Deft Touch Dribbling is easier to get the hang of, and has been enhanced from last year’s effort so now the ball may be cushioned, pushed forward or shielded. The ball is rolled underboot while sidestepping, and smaller touches and adjustments are possible, before that next burst of speed.

What hasn’t returned is the overpowered attack of PES 2011. The new Response Defending finally allows defenders to contain the ball controller and tackle when they wish, which means more control and fewer fouls. Recently a bugbear for the series, goalkeepers in PES 2013 have obviously had an AI revamp – gone are the days of throwing the ball to opposition strikers or herding it into the net. Faster distribution and a power bar when the ball is thrown are also welcome additions. Other teammates play smarter this year as well. Pro Active AI means that off-the-ball players make much better use of the space around them, and look to create opportunities by pushing forward and focussing on the ball’s location rather than steadfastly guarding a patch of pitch.
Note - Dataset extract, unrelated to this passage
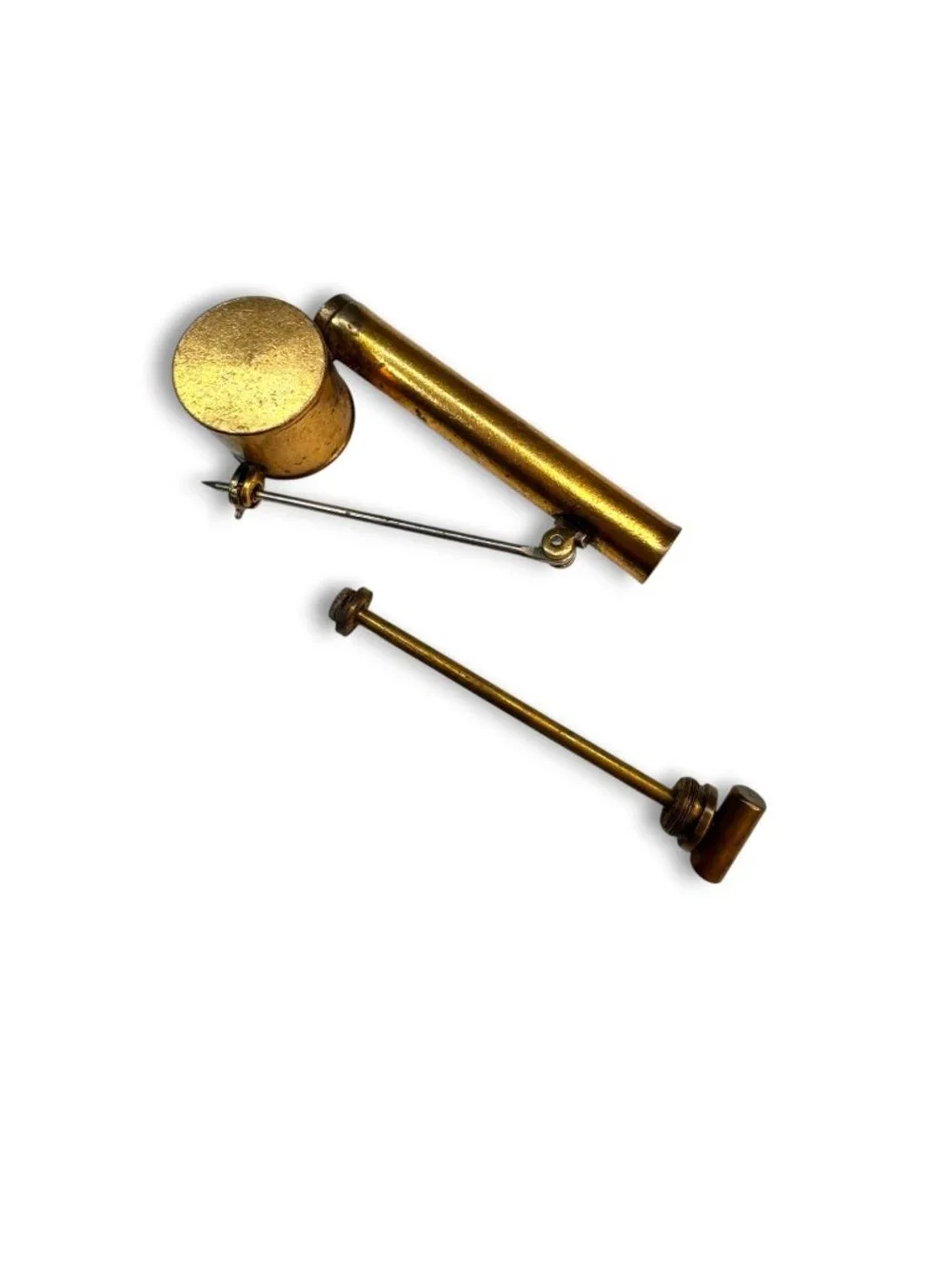 Vintage 1940s Brass Perfume Atomizer Brooch Mechanical Novelty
As always, how well any player on the field performs a particular task on the pitch is influenced by a plethora of statistics, from tackling to passing to changing direction, although the controlling player’s timing and dexterity are still king. Furthering this concept, Player ID is the name Komani has given to the performance capture of around 50 well-known players, but it’s not just about unique animations – these impact the game. Xavi can perform a sharper-than normal 180-degree turn, for example.

All of these tweaks, tucks, and modifications have made PES 2013 a game that admirably captures the smaller moments of football that can make all the difference in the larger scheme of things. One-on-one breakdown skills have never been more important or devastating, but a firm understanding of player positioning and teammate behaviour, as well as the ability to send precision passes into space are also extremely important. With all assists off and a practiced player at the helm, PES resembles the fluid, subtle, chaotic nature of real-world football more closely than any game before it. It’s an astonishingly deep title that rewards practice and patience.
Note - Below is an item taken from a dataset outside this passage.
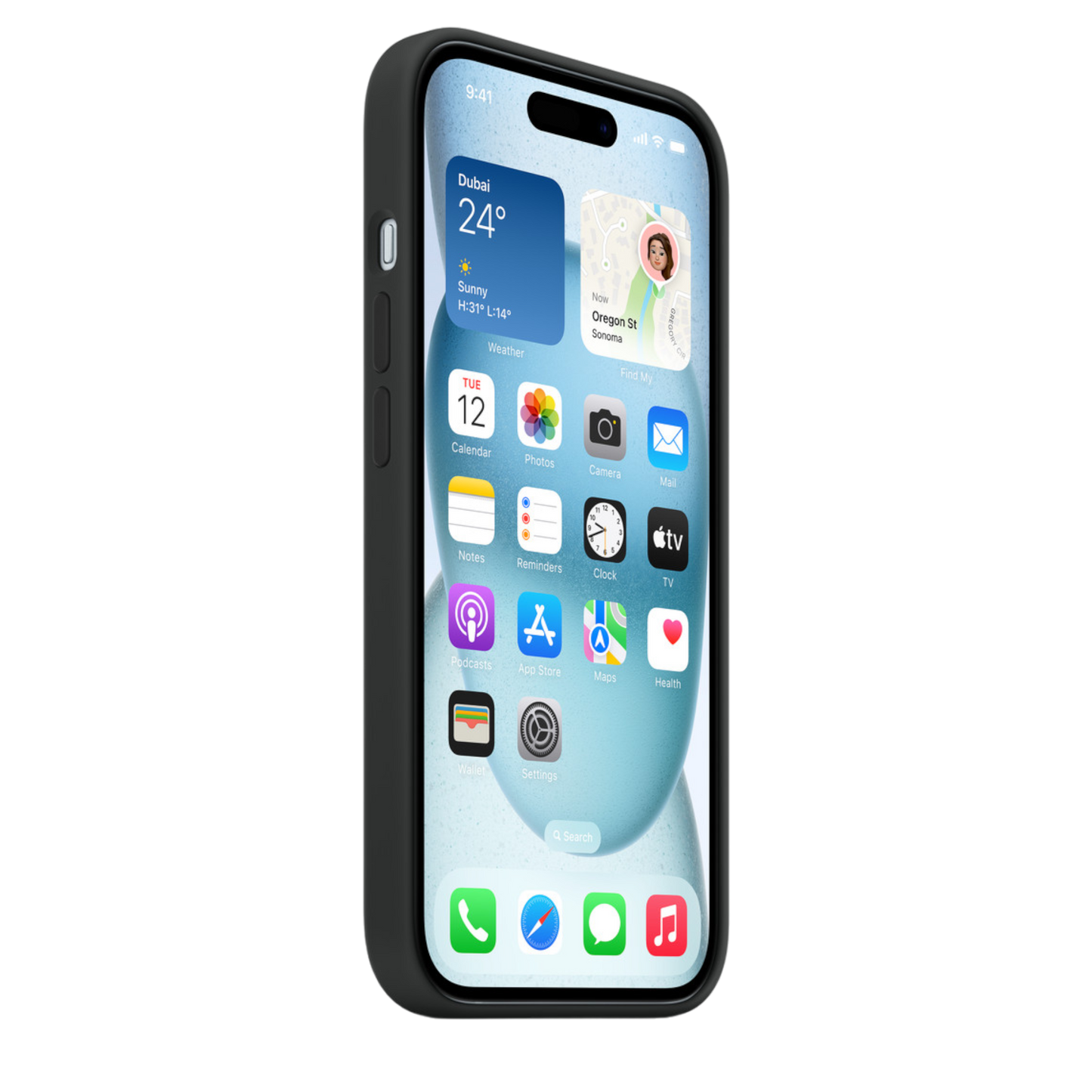iPhone 15 Silicone Case with MagSafe - Black - alAsil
It’s too bad, then, that Konami have imbued PES 2013 with a learning curve that – to newcomers at least – resembles a fence topped with razor wire. The game’s tutorial is a slow, crotchety, and sickeningly unhelpful beast that shuts much of its knowledge behind challenges that players may never know why they are failing. It’s a tremendous gaffe on the developer’s part, and sadly will be enough for many to conclude that PES is not a product worthy of their time, because much of what is learned here is not just the cream but is rather crucial to being able to compete on normal difficulty.

With EA hanging on to most exclusive licences, the rosters are typically wonky as well, particularly with only one Premier League team (Man United) officially endorsing the game. However the UFEA Champions League and Copa Libertadores are again present as standalone competitions for up to 32 players, and more teams are present than in previous years. Sure, the surprisingly deep player editor will allow a facsimile of a player’s favourite team to be assembled, but this is a time-consuming process. Play modes outside the usual competitions such as the managing simulation are equally tedious.
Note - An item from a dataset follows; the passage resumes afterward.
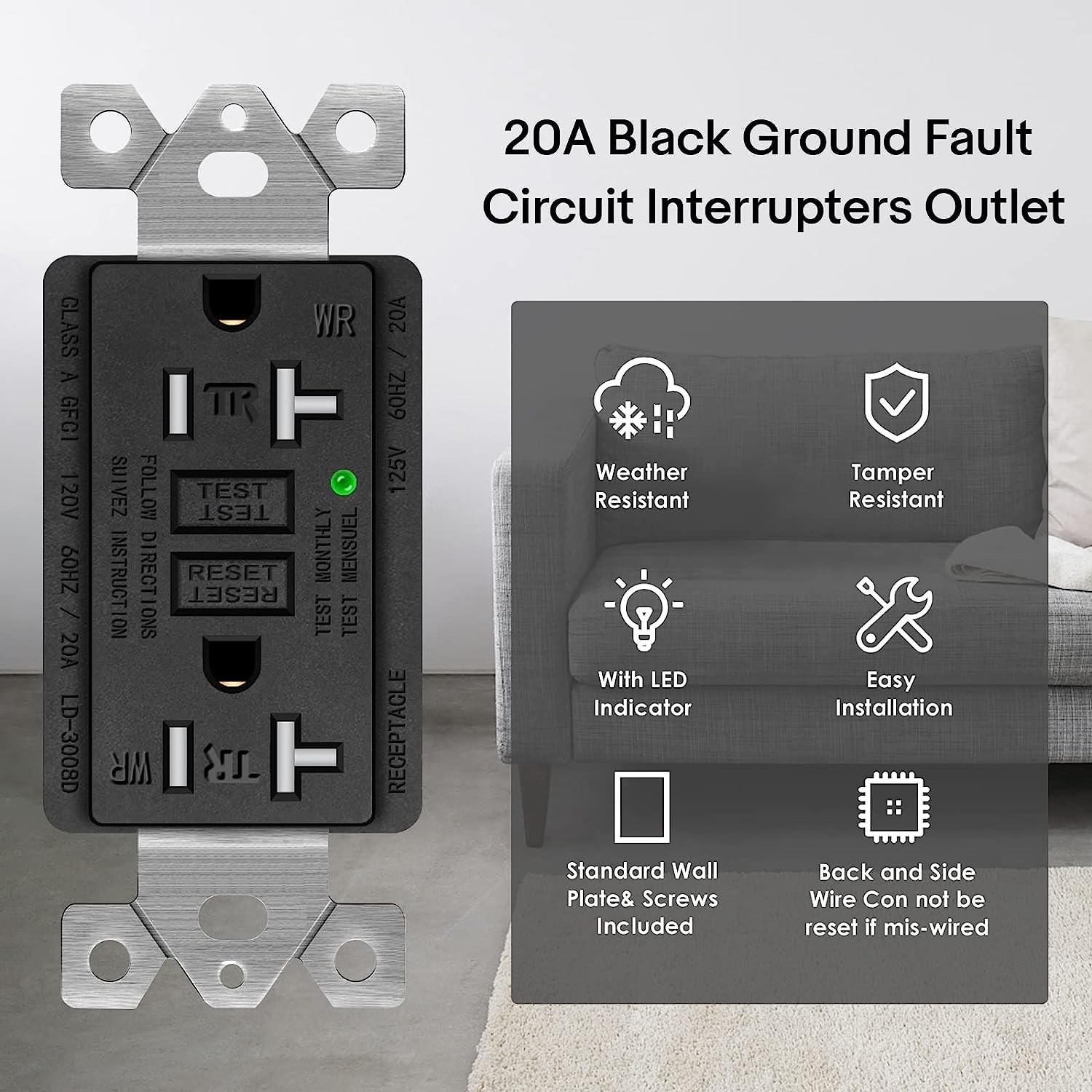 4Pack 20A GFCI Outlet Black Tamper Weather Resistant Receptacle with Wall Plates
A handful of smaller gripes such as the awful soundtrack, lacklustre menu and pre-game presentations, and – in the review build we received – constant replays that couldn’t be switched off don’t really diminish the experience too much. Fans squabble over the best football title with the passion they usually reserve for supporting their respective teams, but there is room for both PES and FIFA in the marketplace, as both serve very different audiences. That said, this is undoubtedly the best PES yet, but Konami’s big problem will be getting people to give it an honest try.